- **WHAT IS BEING ASKED**: Find the string "Funny" in the data, and copy out each line that has it.

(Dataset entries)
*****
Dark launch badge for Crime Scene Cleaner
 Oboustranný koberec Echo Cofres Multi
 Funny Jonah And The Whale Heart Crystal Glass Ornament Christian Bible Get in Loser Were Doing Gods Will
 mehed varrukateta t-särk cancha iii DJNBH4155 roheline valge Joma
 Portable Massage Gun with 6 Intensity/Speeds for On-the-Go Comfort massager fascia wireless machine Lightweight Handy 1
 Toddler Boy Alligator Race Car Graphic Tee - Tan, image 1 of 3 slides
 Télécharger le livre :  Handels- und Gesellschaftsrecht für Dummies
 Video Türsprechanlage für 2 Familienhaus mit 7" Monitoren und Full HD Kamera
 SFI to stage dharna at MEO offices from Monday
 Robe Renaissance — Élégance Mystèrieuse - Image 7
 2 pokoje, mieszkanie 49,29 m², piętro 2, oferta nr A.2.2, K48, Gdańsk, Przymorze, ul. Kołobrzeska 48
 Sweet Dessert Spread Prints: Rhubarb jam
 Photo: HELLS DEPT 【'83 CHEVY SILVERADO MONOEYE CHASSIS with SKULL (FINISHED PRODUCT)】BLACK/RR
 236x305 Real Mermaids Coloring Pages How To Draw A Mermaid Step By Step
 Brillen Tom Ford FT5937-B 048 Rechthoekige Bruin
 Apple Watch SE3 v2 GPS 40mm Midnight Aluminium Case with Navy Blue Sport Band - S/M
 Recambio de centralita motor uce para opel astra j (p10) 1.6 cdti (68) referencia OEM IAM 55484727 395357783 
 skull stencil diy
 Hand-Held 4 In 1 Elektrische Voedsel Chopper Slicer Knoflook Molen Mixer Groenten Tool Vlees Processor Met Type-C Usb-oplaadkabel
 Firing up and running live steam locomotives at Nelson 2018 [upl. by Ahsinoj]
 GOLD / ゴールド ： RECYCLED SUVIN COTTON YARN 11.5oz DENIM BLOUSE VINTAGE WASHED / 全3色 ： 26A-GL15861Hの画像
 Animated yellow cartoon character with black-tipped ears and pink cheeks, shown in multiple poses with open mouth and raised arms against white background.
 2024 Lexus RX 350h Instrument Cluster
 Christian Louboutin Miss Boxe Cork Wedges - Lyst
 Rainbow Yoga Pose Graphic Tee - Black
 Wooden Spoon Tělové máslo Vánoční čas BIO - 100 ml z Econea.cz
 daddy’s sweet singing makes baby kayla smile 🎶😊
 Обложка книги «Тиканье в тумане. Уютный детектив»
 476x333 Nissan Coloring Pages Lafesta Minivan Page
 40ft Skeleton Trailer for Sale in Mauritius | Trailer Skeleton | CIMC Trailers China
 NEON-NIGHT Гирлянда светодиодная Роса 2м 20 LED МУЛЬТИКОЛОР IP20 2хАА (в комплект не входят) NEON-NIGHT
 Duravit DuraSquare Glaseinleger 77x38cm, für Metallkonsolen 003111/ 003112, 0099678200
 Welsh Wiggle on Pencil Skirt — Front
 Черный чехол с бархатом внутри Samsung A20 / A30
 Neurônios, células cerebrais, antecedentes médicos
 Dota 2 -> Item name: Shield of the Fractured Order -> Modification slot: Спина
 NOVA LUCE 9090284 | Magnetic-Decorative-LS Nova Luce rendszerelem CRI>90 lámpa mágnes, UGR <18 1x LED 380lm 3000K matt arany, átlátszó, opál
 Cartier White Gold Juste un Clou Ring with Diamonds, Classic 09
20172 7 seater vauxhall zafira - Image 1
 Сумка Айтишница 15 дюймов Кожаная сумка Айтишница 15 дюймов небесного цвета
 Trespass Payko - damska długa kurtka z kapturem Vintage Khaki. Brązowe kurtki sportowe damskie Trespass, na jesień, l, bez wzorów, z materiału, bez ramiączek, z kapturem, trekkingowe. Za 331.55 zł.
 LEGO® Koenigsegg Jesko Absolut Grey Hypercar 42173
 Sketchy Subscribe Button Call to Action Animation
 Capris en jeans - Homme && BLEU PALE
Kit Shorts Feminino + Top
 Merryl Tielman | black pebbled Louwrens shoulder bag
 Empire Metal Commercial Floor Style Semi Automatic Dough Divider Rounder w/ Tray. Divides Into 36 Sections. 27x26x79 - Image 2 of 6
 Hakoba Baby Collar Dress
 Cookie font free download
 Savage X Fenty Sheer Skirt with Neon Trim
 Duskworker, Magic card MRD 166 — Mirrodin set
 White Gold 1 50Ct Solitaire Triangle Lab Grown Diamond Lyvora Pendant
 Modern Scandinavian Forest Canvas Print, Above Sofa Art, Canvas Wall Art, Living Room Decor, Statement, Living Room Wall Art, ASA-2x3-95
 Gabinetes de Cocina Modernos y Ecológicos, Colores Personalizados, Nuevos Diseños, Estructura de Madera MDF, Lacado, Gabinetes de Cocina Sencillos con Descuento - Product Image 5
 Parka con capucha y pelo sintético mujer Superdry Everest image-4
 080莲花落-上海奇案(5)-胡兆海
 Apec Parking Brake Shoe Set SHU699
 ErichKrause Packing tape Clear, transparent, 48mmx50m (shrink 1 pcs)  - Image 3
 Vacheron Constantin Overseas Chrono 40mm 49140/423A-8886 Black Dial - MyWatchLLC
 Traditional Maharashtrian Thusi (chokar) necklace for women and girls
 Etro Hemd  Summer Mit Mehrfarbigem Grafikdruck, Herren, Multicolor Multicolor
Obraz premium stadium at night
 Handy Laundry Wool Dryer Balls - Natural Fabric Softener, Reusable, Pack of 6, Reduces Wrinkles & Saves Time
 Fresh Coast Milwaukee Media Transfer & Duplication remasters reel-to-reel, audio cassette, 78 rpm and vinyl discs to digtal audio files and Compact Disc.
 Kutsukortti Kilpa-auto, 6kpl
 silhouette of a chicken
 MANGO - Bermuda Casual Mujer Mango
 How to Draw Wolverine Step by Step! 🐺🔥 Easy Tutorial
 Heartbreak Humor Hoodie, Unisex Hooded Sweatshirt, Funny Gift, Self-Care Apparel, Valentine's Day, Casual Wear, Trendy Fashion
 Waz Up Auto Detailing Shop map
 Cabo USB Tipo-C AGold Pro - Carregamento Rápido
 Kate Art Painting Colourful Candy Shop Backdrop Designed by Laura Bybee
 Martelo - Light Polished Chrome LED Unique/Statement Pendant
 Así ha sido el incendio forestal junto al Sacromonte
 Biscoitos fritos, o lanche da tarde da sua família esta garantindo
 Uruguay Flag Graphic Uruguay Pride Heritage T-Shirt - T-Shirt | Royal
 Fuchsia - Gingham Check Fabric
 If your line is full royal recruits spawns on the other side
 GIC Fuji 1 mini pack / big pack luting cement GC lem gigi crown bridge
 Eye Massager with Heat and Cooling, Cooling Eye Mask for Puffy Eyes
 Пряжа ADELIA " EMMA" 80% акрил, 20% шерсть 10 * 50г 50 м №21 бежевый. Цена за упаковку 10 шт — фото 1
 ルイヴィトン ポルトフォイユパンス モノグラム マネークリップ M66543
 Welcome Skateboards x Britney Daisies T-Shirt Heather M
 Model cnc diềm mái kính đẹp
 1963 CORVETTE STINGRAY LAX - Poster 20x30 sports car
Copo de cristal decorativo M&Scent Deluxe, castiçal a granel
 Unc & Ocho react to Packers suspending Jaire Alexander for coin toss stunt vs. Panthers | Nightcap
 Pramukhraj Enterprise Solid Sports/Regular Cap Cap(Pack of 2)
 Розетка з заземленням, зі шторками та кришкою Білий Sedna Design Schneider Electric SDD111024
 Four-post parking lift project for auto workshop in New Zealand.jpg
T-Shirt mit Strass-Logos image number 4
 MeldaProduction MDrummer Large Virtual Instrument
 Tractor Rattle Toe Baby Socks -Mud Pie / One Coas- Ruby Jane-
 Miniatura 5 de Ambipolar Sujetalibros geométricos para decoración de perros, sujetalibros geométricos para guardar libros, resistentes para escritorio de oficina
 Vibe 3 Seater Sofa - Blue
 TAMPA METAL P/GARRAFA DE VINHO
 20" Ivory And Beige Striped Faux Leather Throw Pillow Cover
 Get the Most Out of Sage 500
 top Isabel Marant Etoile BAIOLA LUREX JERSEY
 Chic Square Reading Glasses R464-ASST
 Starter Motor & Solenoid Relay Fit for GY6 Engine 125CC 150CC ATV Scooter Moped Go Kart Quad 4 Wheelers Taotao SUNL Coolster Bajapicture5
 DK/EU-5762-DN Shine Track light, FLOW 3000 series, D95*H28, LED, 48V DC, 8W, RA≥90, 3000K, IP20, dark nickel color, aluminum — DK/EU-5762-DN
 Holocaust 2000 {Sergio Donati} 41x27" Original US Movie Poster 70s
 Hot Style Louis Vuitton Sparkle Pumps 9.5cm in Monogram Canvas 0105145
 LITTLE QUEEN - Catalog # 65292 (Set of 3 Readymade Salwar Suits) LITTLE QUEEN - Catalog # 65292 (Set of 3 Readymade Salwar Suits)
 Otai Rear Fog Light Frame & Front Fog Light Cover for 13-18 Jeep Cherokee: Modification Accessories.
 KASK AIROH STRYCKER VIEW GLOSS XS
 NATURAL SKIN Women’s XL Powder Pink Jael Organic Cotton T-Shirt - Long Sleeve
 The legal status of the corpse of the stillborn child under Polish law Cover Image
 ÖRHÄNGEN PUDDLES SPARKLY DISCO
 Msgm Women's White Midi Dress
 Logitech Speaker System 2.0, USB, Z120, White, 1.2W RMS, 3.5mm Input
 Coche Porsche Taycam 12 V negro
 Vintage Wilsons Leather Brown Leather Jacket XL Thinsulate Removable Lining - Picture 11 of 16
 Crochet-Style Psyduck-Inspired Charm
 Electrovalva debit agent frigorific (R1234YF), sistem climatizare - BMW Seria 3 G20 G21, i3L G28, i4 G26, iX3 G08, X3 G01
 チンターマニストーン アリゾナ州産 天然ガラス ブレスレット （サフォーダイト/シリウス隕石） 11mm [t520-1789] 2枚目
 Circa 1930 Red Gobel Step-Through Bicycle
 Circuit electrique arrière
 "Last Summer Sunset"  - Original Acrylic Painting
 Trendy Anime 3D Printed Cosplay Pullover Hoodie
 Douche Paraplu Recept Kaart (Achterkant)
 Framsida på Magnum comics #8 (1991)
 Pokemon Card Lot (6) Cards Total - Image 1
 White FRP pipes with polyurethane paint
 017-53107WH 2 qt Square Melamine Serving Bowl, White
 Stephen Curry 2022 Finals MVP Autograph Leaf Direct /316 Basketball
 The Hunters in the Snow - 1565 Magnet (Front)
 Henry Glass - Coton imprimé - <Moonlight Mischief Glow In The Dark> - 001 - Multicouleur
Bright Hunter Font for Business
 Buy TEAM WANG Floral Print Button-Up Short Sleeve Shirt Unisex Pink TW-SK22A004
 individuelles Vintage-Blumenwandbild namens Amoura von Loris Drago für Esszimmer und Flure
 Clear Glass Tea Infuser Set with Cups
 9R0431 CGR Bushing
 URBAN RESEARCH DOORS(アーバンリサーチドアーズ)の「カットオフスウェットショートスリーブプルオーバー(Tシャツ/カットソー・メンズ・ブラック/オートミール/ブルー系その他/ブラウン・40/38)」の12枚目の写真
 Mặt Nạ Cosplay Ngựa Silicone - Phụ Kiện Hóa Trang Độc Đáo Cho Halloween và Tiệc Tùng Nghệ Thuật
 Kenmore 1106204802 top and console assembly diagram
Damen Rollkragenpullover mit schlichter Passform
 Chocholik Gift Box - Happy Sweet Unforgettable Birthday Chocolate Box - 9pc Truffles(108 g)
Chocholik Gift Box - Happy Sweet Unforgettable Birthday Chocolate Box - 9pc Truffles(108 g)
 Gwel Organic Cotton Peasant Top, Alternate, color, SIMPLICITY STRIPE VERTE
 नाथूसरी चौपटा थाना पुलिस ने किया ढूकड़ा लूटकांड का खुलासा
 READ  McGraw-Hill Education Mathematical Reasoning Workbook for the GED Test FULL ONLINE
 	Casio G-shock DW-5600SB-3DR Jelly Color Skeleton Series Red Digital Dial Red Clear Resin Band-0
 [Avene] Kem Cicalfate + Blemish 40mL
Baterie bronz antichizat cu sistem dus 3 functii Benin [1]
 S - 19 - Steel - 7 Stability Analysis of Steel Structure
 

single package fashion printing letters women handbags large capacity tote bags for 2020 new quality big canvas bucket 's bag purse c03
*****
- **OUTPUT OF THE TASK**:
 Funny Jonah And The Whale Heart Crystal Glass Ornament Christian Bible Get in Loser Were Doing Gods Will
 Heartbreak Humor Hoodie, Unisex Hooded Sweatshirt, Funny Gift, Self-Care Apparel, Valentine's Day, Casual Wear, Trendy Fashion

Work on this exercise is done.